To visualize the overlap and combinations of different specific diets among participants who reported following a special diet, we used an UpSet plot. This type of plot offers a clear summary of how frequently participants reported one or more particular dietary patterns, as well as which combinations are most common.

library(ComplexUpset)

# 1. Prepare the data (as before)
upset_data <- df %>%
  filter(currently_on_diet == "Yes") %>%
  mutate(across(
    ends_with("_diet") & !matches("^currently_on_diet$"),
    ~ !is.na(.)
  ))

specific_diets <- upset_data %>%
  select(ends_with("_diet") & !matches("^currently_on_diet$")) %>%
  names()

diet_labels <- c(
  weight_loss_diet      = "Weight loss / Low-calorie diet",
  low_fat_diet          = "Low-fat / Low-cholesterol diet",
  low_salt_diet         = "Low-salt / Low-sodium diet",
  low_sugar_diet        = "Sugar-free / Low-sugar diet",
  low_fiber_diet        = "Low-fiber diet",
  high_fiber_diet       = "High-fiber diet",
  diabetic_diet         = "Diabetic diet",
  weight_gain_diet      = "Weight-gain / Muscle-building diet",
  low_carb_diet         = "Low-carb diet",
  high_protein_diet     = "High-protein diet",
  gluten_free_diet      = "Gluten-free / Celiac diet",
  renal_kidney_diet     = "Renal / Kidney diet",
  other_special_diet    = "Other special diet"
)

# 2. Rename only the specific diet columns
upset_data_pub <- upset_data %>%
  rename_with(~ diet_labels[.x], .cols = all_of(specific_diets))
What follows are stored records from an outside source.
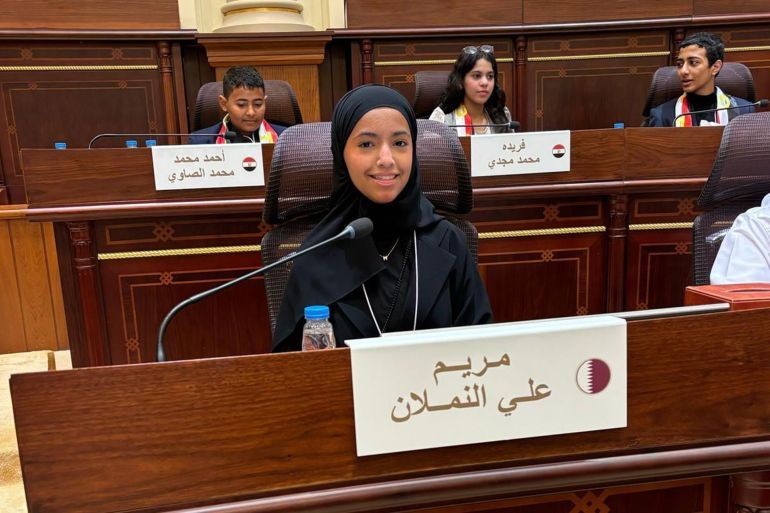 الكاتبة مريم النملان في جلسة برلمان الطفل العرب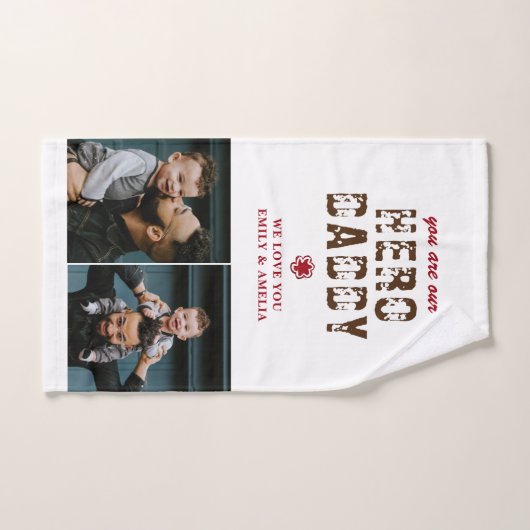 Hero Papa Vader Dag 2 Foto Collage Bad Handdoek (Handdoek)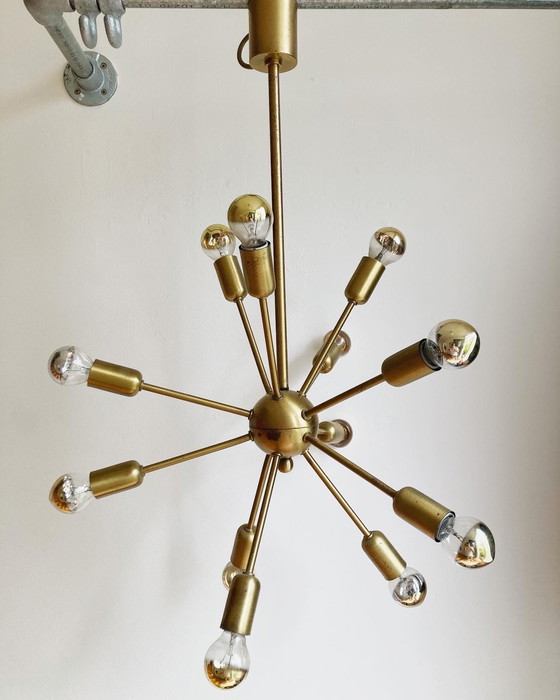 Image 1 of Vintage messing Sputnik hanglamp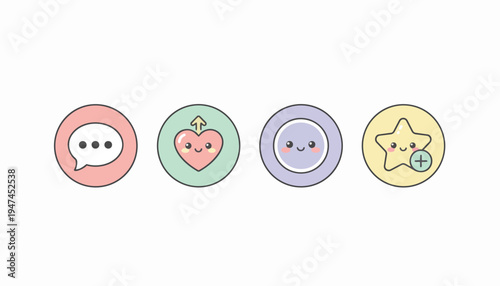 A collection of four cute, pastel-colored circular icons featuring whimsical illustrations of a speech bubble, a heart with an upward arrow, a simple circle, and a star with a plus sign.
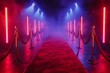 Red carpet and velvet ropes on the sides of an event entrance with spotlights creating dramatic lighting. Elegant background for red carpet events, celebrity vibe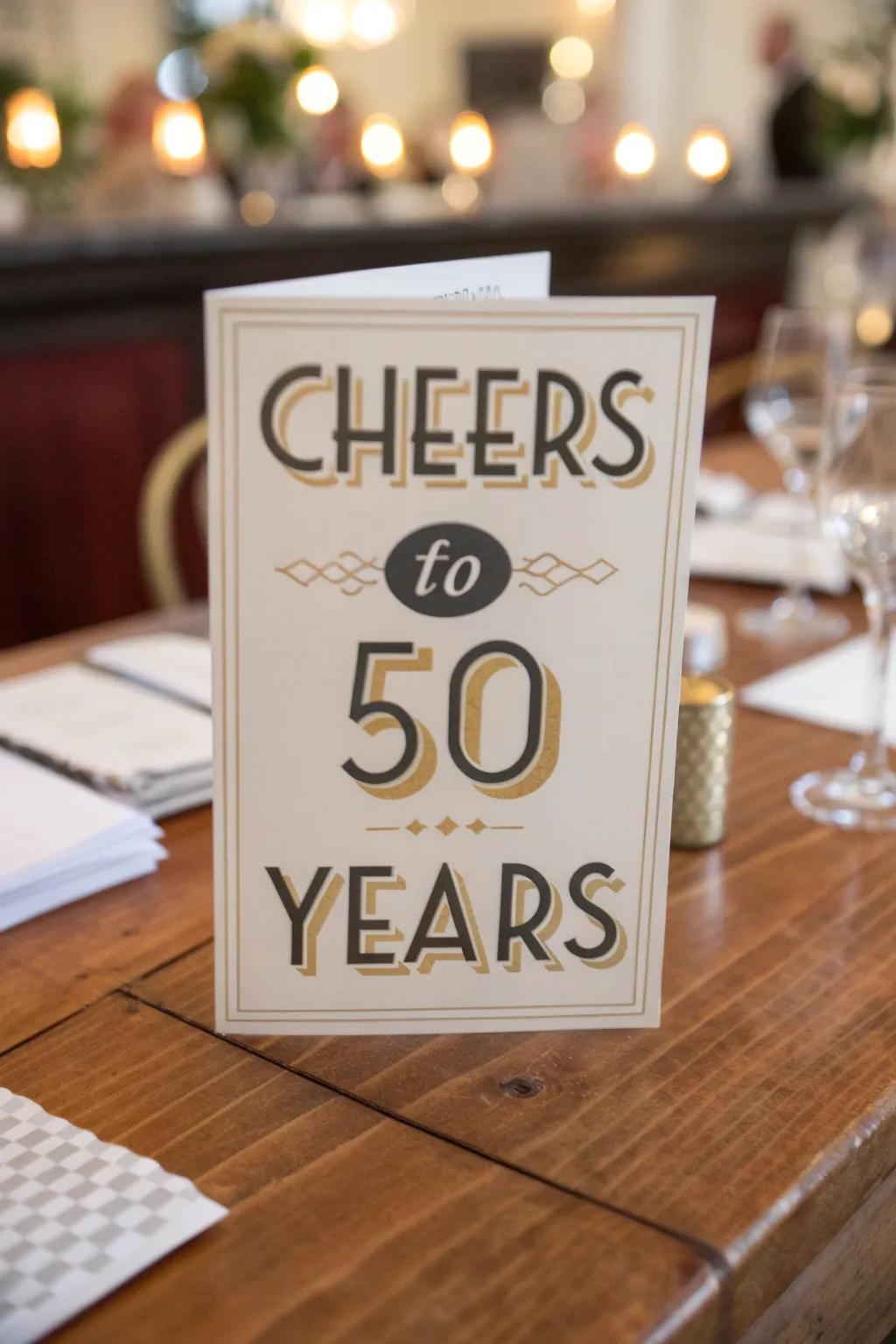 Set a festive tone with inviting phrases on your anniversary cards.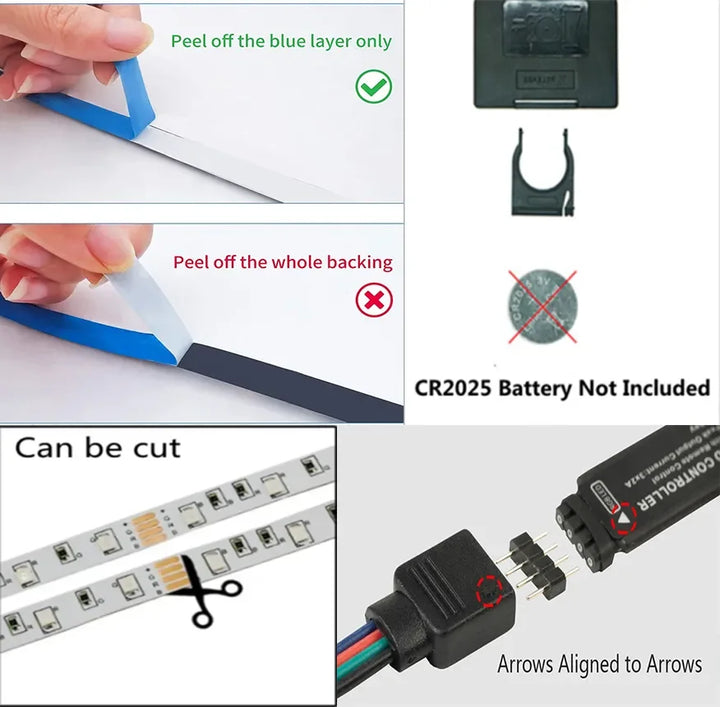 LED-Lichtstreifen mit Fernbedienung, zuschneidbar, Batterie nicht enthalten, einfache Installation.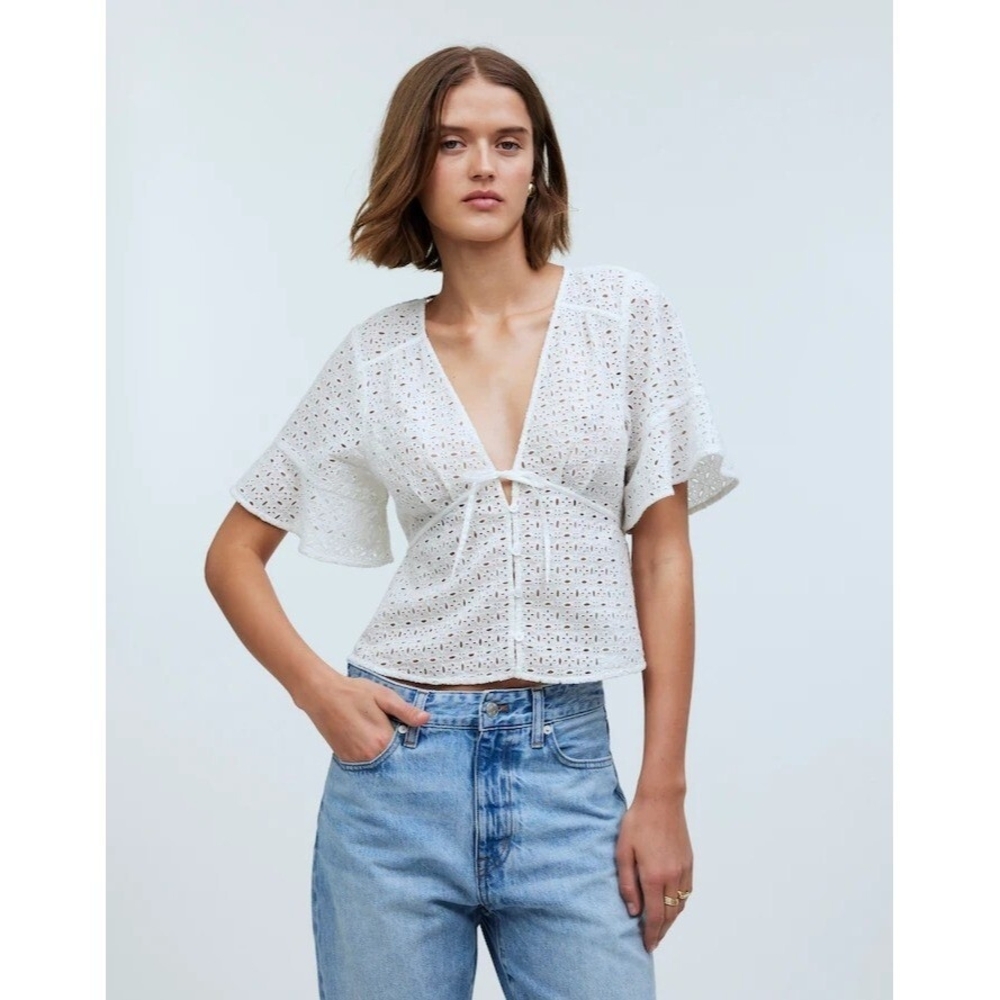 Madewell Ivory Eyelet V-Neck Blouse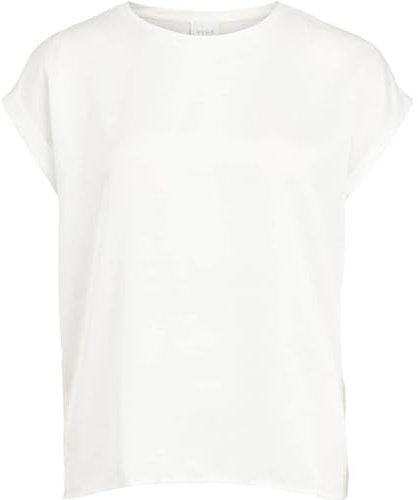 Vila Damen Viellette S/S Satin Top/Su Noos T-Shirt, Schneeweiß, Größe 36 EU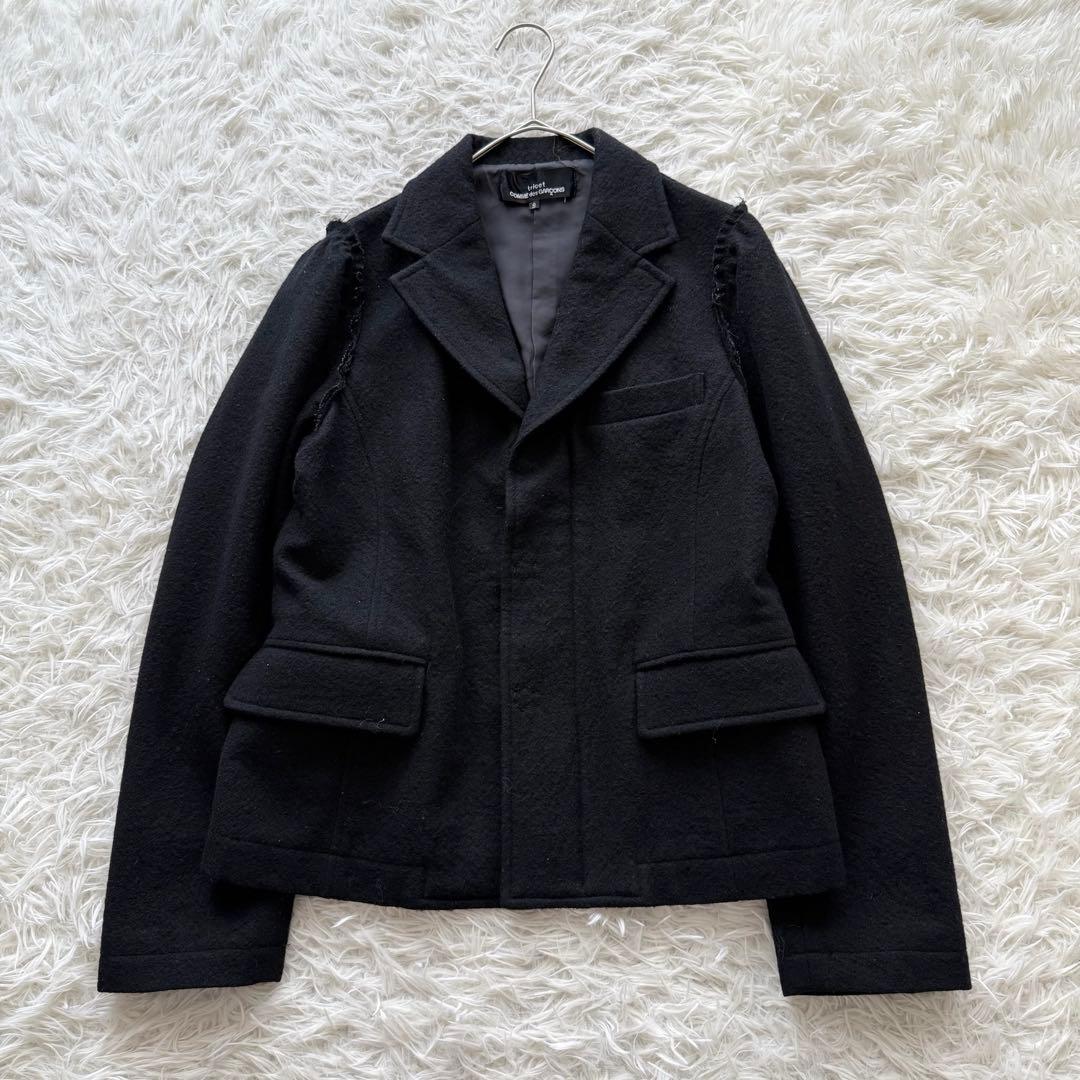 【トリココムデギャルソン】AD2004 ジャケット　黒　インサイドアウト　縮絨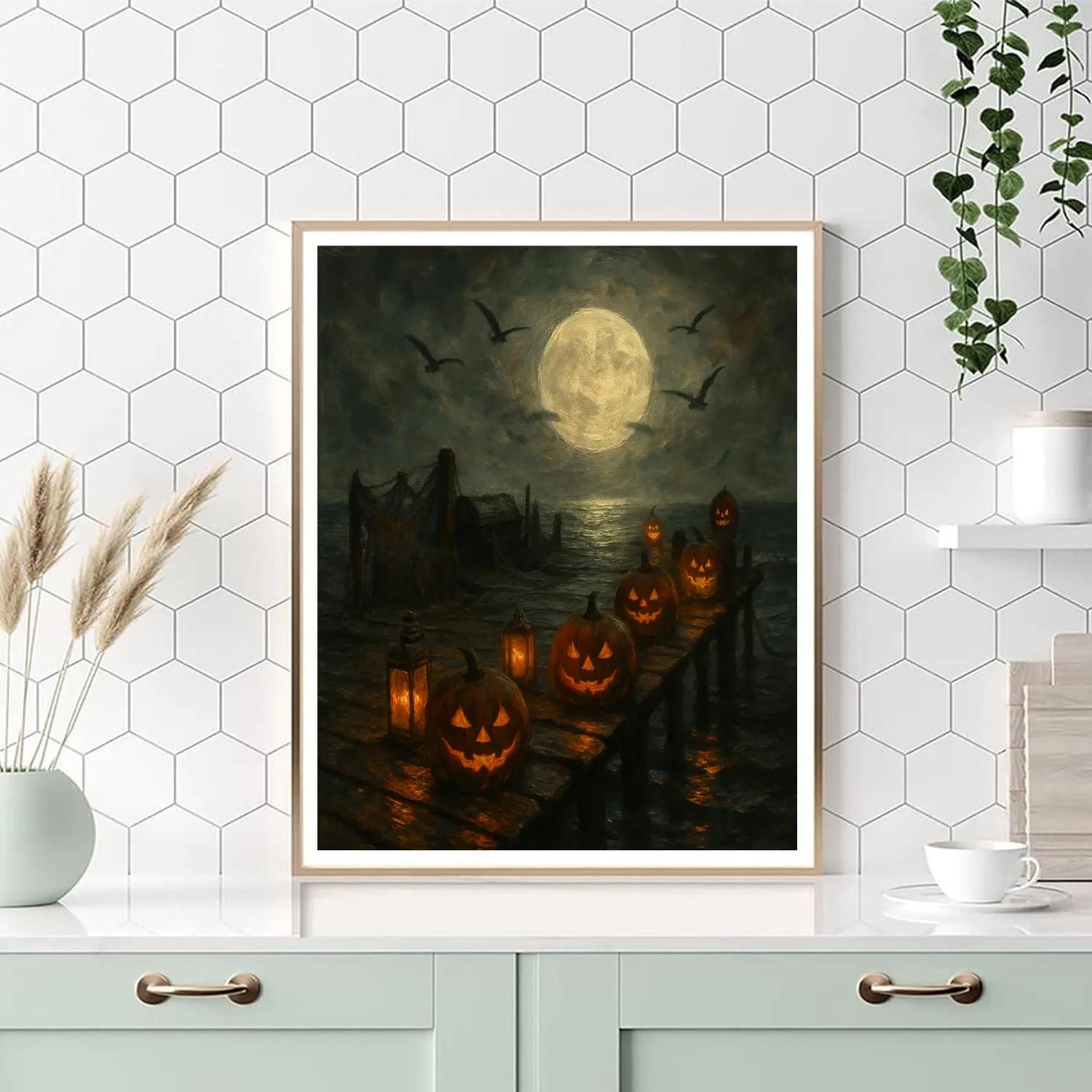 Moonlit Pumpkin Pier DIY paint by numbers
# 3. Now select ONLY the renamed columns (in order) for plotting
specific_diets_pub <- unname(diet_labels[specific_diets])  # vector of publication-ready names

# 4. UpSet plot using *only* the correct columns as sets
upset(
  upset_data_pub,
  specific_diets_pub,
  name = "Specific Diets",
  min_size = 5,
  width_ratio = 0.1
) +
  theme(
    axis.text.x = element_blank(),
    plot.title   = element_text(size = 14, face = "bold")
  ) +
  ggtitle("Overlap of Specific Diet Types Among Dieting Participants")

This plot shows the most common individual diets on the left, and the set intersections (i.e. combinations of diets) along the bottom, with bar heights indicating the number of participants in each intersection.